##### Data for this task

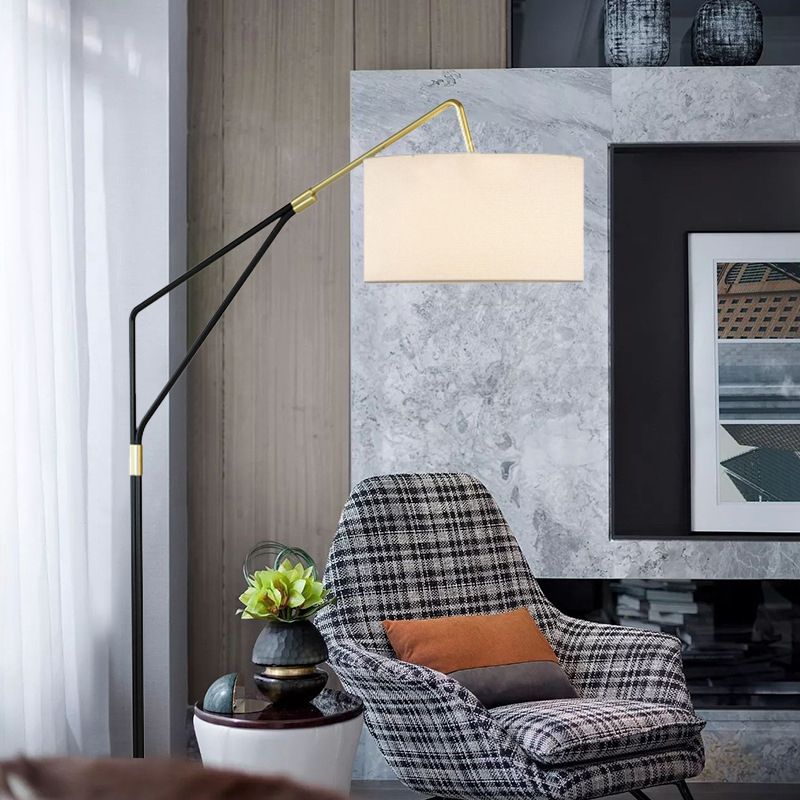 Eryn Elementar Stehleuchte, Metall & Textil, 180CM Lang - Lumpaz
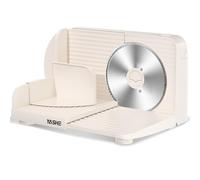 YASHE Trancheuse Électrique Pliable, Lame Dentelée 17 cm, Épaisseur 0-15 mm | Interrupteur à Maintenir Enfoncé, Pieds Antidérapants et Nettoyage Facile, Pour Viande, Fromage, Pain et Légumes, 180W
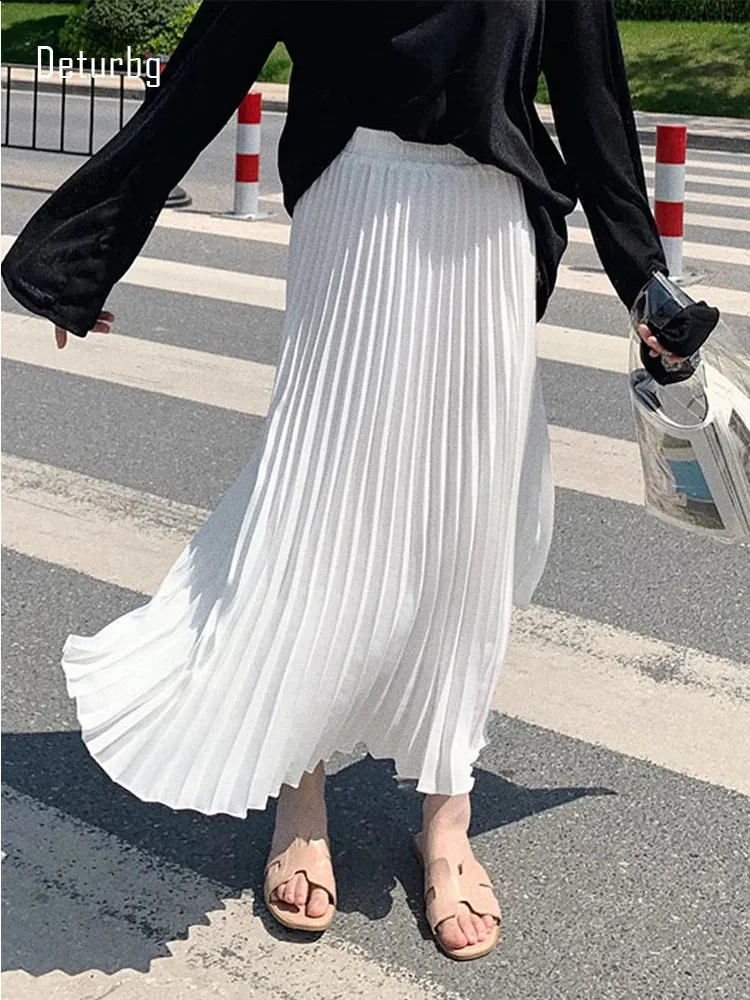 High Waisted Pleated Skirts: Elegant Spring Midi Skirt Korean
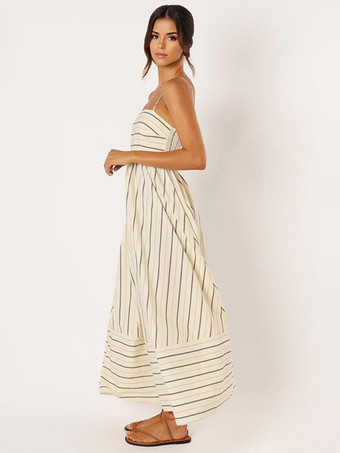 サマードレスストラップネックストライプカットアウトバックレスアプリコットロングビーチドレス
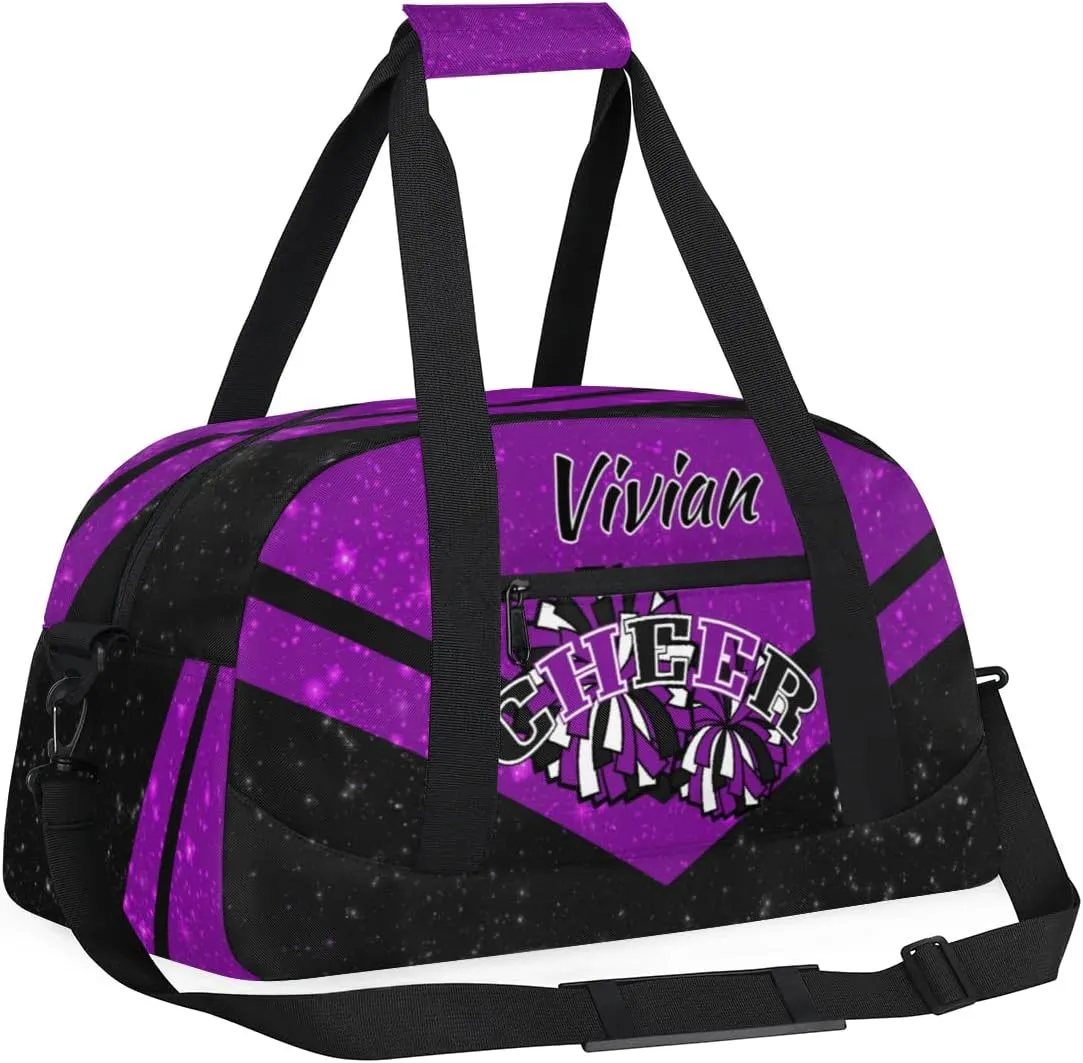 Personalized Cheer Duffel Bags Custom Name Sport Bag, Custom Cheerleader Gym Bag, Customize Travel Duffle Bag, Overnight Weekender Bags, Cheerleading Gifts, Sequins Black Purple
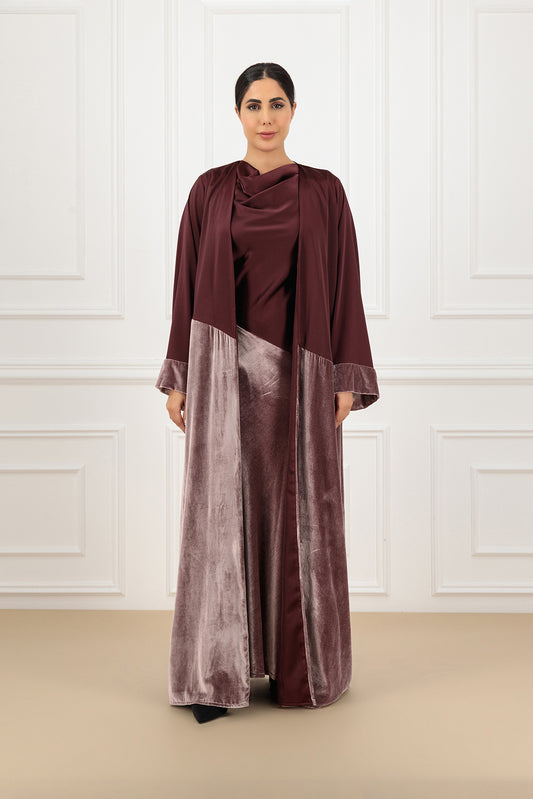 Two tone satin and velvet abaya  (SET)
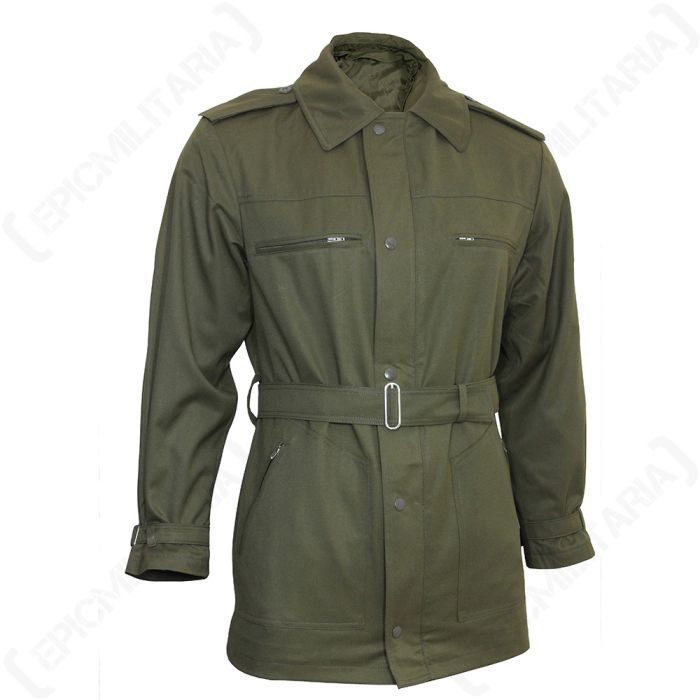 Front view of Czech Olive Green Field Coat, with matching green belt around the waist, two zip-close chest pockets, two zip-close waist slash pockets, fold-down collar, epaulettes, and dark grey popper-style buttons down the front, on a white background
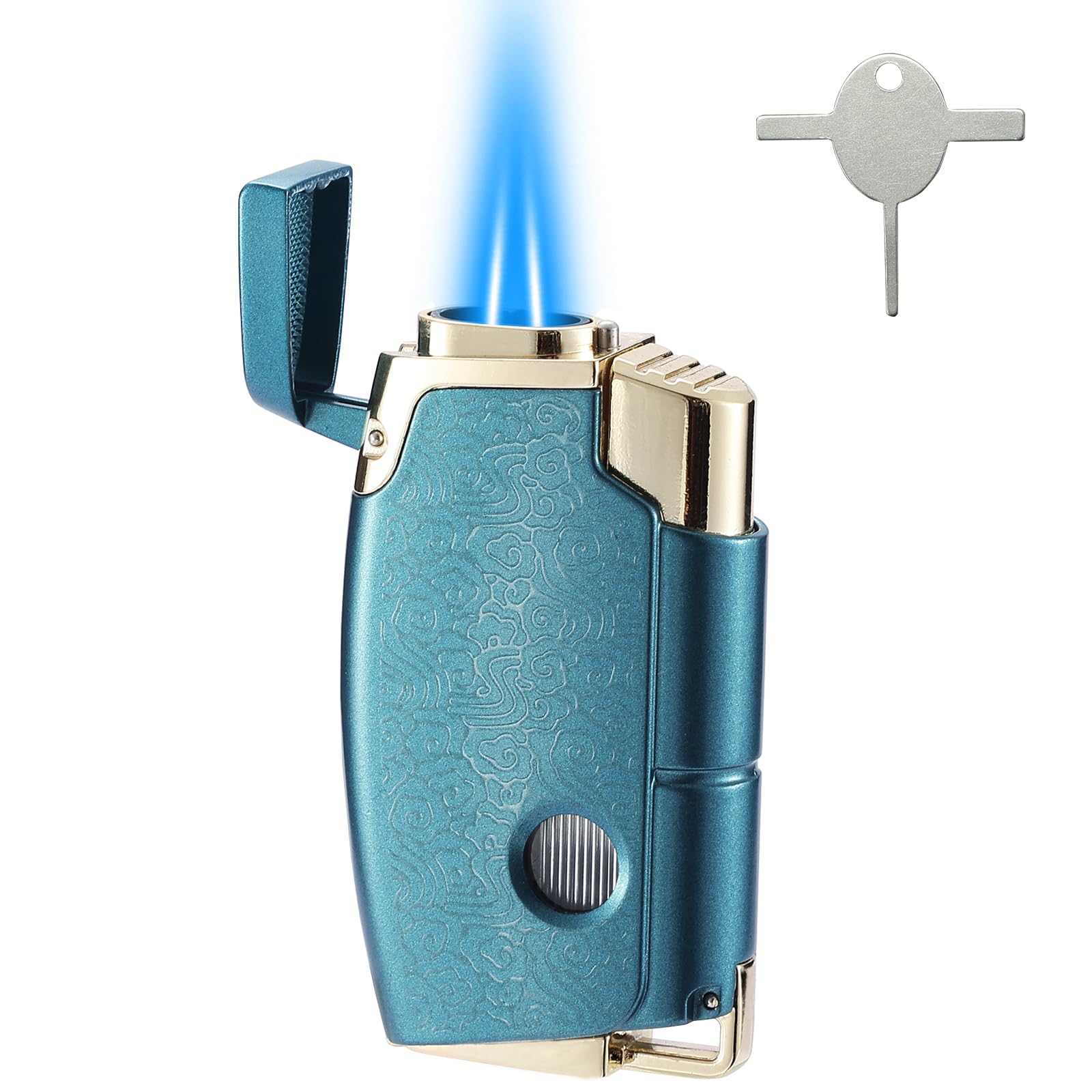 Double Torch Butane Lighter with Punch Jet Windproof Lighter with Keyhole Refillable and Adjustable Great Gift for Men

##########

### [Aim of the task]
What you return must match the data above exactly, with no images included.

### [Exercise answer]
 Eryn Elementar Stehleuchte, Metall & Textil, 180CM Lang - Lumpaz
 YASHE Trancheuse Électrique Pliable, Lame Dentelée 17 cm, Épaisseur 0-15 mm | Interrupteur à Maintenir Enfoncé, Pieds Antidérapants et Nettoyage Facile, Pour Viande, Fromage, Pain et Légumes, 180W
 High Waisted Pleated Skirts: Elegant Spring Midi Skirt Korean
 サマードレスストラップネックストライプカットアウトバックレスアプリコットロングビーチドレス
 Personalized Cheer Duffel Bags Custom Name Sport Bag, Custom Cheerleader Gym Bag, Customize Travel Duffle Bag, Overnight Weekender Bags, Cheerleading Gifts, Sequins Black Purple
 Two tone satin and velvet abaya  (SET)
 Front view of Czech Olive Green Field Coat, with matching green belt around the waist, two zip-close chest pockets, two zip-close waist slash pockets, fold-down collar, epaulettes, and dark grey popper-style buttons down the front, on a white background
 Double Torch Butane Lighter with Punch Jet Windproof Lighter with Keyhole Refillable and Adjustable Great Gift for Men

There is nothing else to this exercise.